Output the full listing below exactly; the images stay out.

Source data:
◆ ◆ ◆

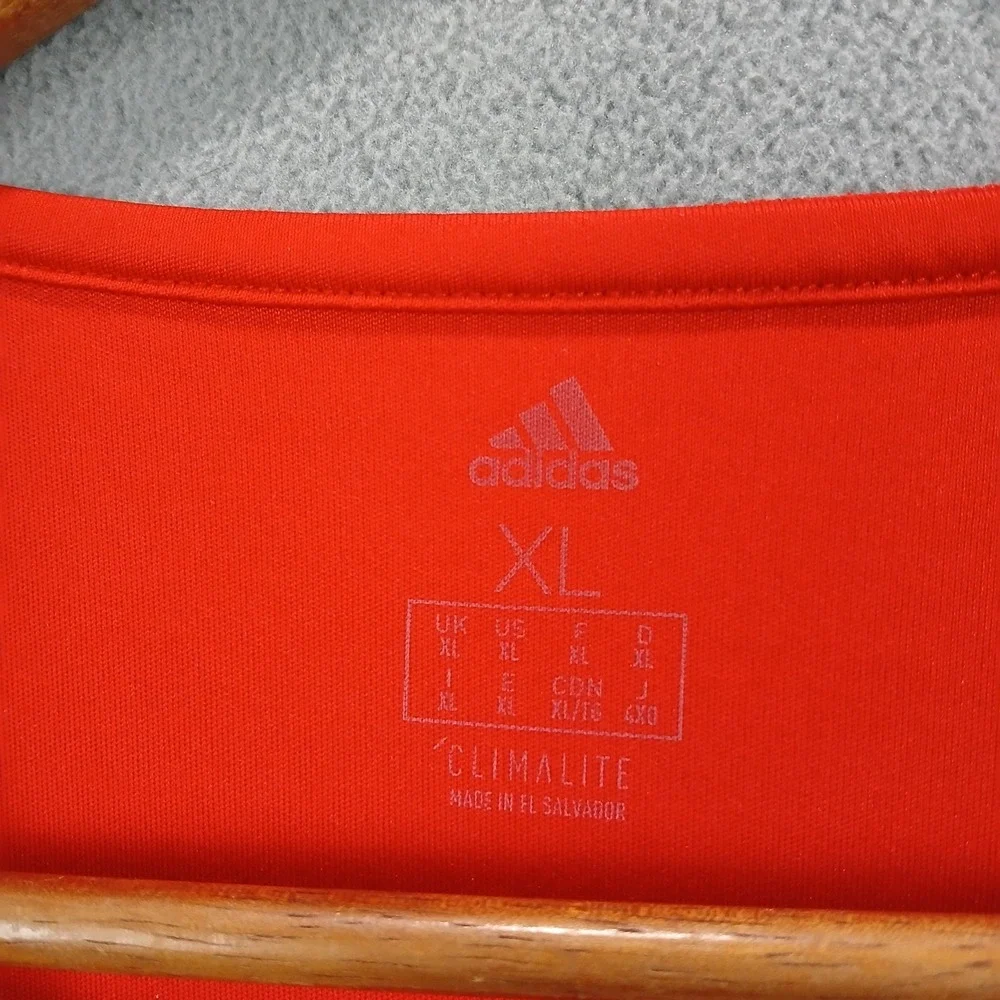 Adidas Climalite T‎ Shirt Mens XL Red Logo Regular Fit Ribbed Crew Neck Athletic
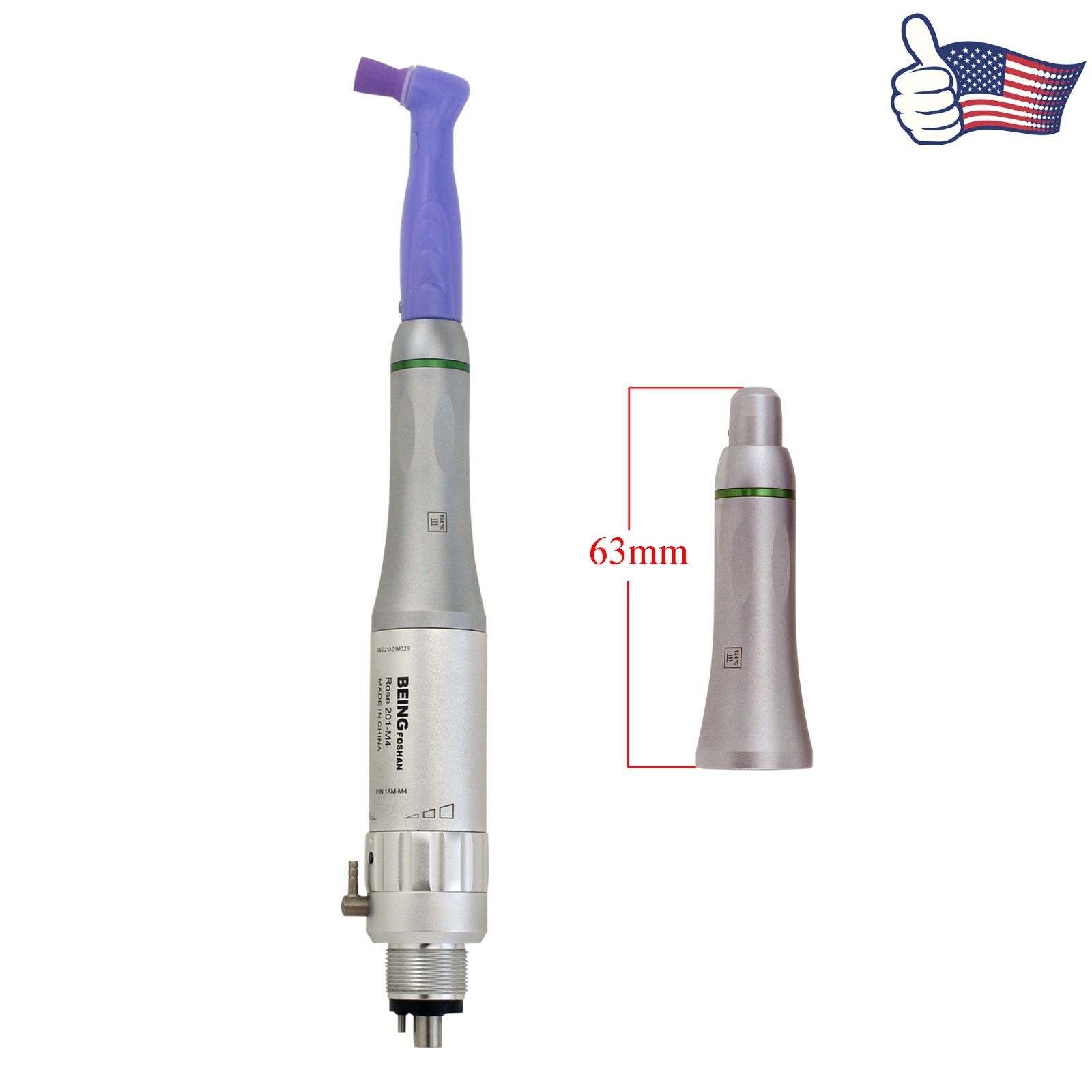 Dental Hygienist Prophy Handpiece Integrity Air Motor 4 Holes 3 Nose Cones Kit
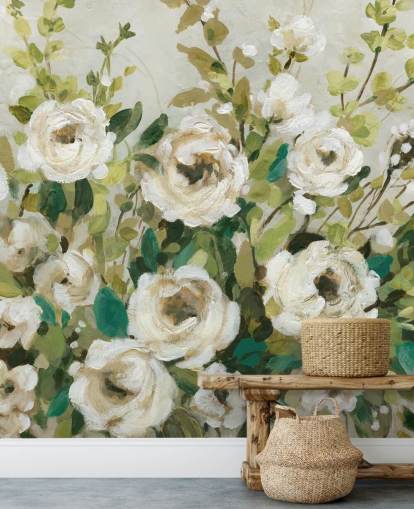 off white roses and green leaves painting wallpaper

◆ ◆ ◆

Problem solution:
 Adidas Climalite T‎ Shirt Mens XL Red Logo Regular Fit Ribbed Crew Neck Athletic
 Dental Hygienist Prophy Handpiece Integrity Air Motor 4 Holes 3 Nose Cones Kit
 off white roses and green leaves painting wallpaper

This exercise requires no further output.